But the information that a subject actually receives from hip hop songs such as the “The Message” can depend on one’s relation to places such as the South Bronx. If one is from a place such as the South Bronx, then one may notice that this song puts in new relief one’s experience of living in an impoverished community that is starved of resources and opportunities. On the other hand, if one is not from such a community, one’s experience of the song will likely differ because one does not have the relevant background experiences, concepts and knowledge to have this experience.
Rap songs such as “The Message” served as a hermeneutical resource for Black and Latinx persons because these non-dominant group members share the relevant background experiences, concepts, knowledge or understanding such that The Message can play this hermeneutical role.

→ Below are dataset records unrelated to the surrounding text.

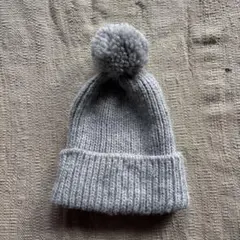 H&M グレー ポンポン付きニット帽
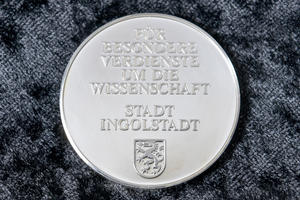 Bild vergr&ouml;&szlig;ern: Peter-Apian-Medaille - R&uuml;ckseite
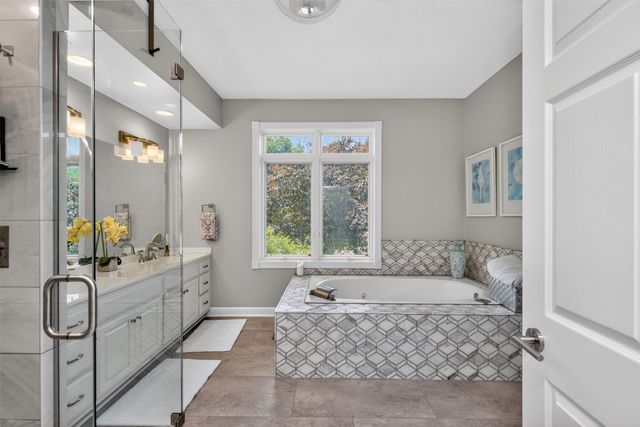 3202 NW 87th Lane, Ankeny, IA 50023
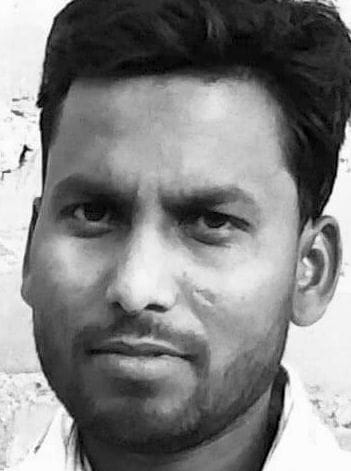 मिर्ज़ापुर सहकारी समिति में डीएपी लेने के लिए लगी किसानों की लाइन।संवाद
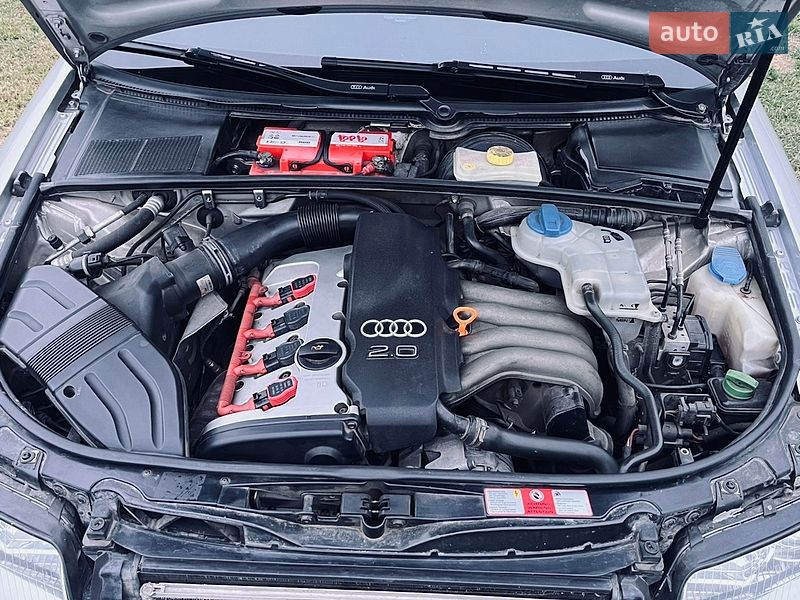 Седан Audi A4 2004 в Липовій Долині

That is, Black and Latinx persons from places such as the South Bronx are more likely than, say, White persons to have the requisite information and experience for rap to play this hermeneutical role.

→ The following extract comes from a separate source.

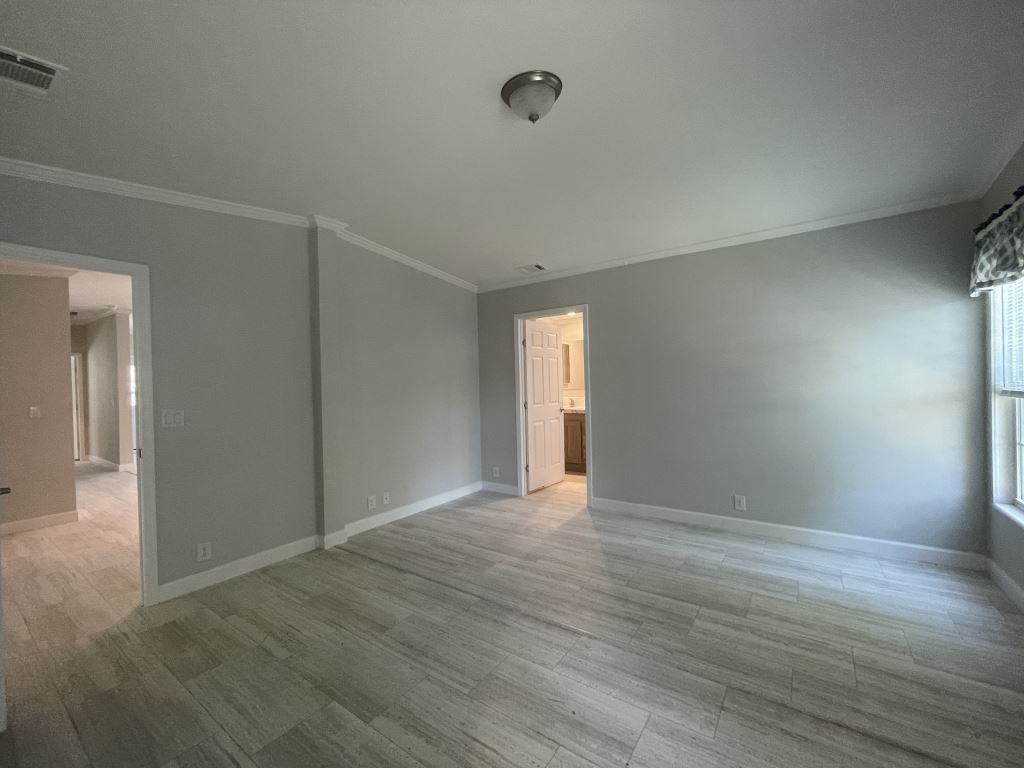 101 Lisa Dr - Photo 3 of 26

During the 1980s, rap partly functioned as a hermeneutical resource for communities of color at first, largely, in New York and its surrounding areas and then throughout communities of color in the US such as Houston, Dallas and Los Angeles. Rap artists and groups such as Melle Mel, Big Daddy Kane, KRS-One, Eric B and Rakim, Kool G Rap & DJ Polo, The Geto Boys, The D.O.C and N.W.A. described their realities through rap largely for communities of color.

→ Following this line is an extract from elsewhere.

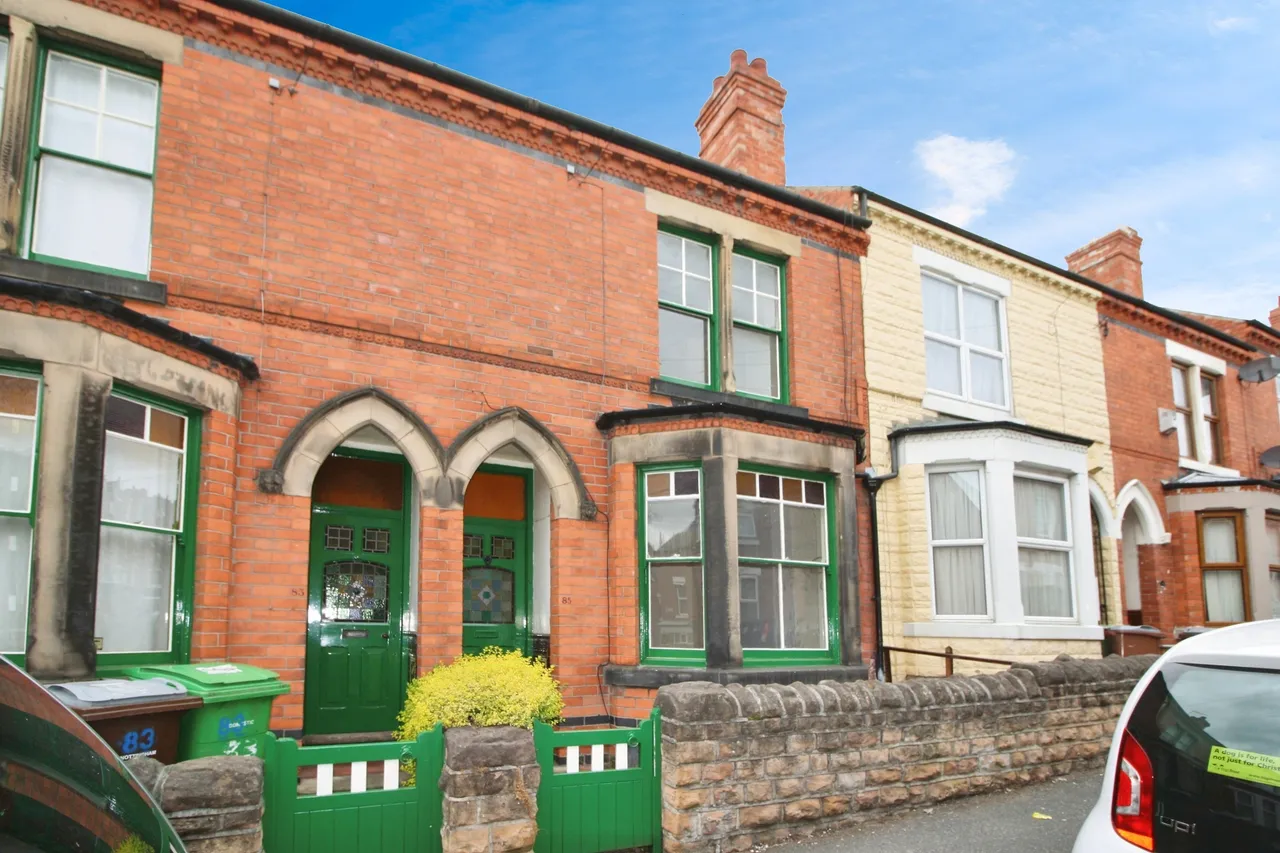 2 bed flat to rent — Exeter Road, Nottingham, NG7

Often the information that these rap artists conveyed involved features of life in impoverished communities of color such as the South Bronx, Harlem or Queensbridge in New York City and other places such as Oak Cliff in Dallas and Compton outside of the City of Los Angeles. For example, on Eric B. & Rakim’s Paid In Full (1987), Rakim raps, “I used to roll up, ‘this is a hold up, ain’t nuthin’ funny/stop smiling, be still, don’t nothin’ move but the money.” Here, Rakim conveys what he resorted to to secure money for basic needs due to the lack of opportunity in his community. Before this line he raps, “so I dig in my pocket, all my money is spent/so I dig deeper but still comin’ up with lint/so I start my mission—leave my residence/thinkin’ how could I get some dead presidents.” Here, Rakim partly clarifies a condition that increases the odds that someone would commit robbery, namely lacking the means to satisfy one’s basic needs. Later in the song, Rakim describes how he ultimately refrained from robbery because he became apprised with the Five Percenters or the Nation of Gods and Earths’ teachings about righteousness and morality (Knight 2014). The basic idea here is that in rap’s early stages it served a hermeneutical role for communities of color because rappers described their realities in ways that not only involved facts they already knew, but descriptions of these realities that helped non-dominant subjects grasp features of their worlds they had not yet fully grasped.
Hermeneutical resources can be shared by societies as a whole and they can be shared by groups that compose societies such as non-dominant groups. But hermeneutical resources that are shared by a whole society will tend to be influenced by and serve the hermeneutical needs of dominant groups (Fricker 2007; Medina 2013). As a result, non-dominant groups often develop hermeneutical resources that speak and respond to their particular hermeneutical needs, which often differ from the needs of the dominant group (Medina 2013, 90; Fricker 2016). Black and Puerto Rican people in New York City developed hip hop qua hermeneutical resource in response to phenomena such as de facto white supremacy (Omi and Winant 1994; Mills 1997; Taylor 2013; Taylor 2019).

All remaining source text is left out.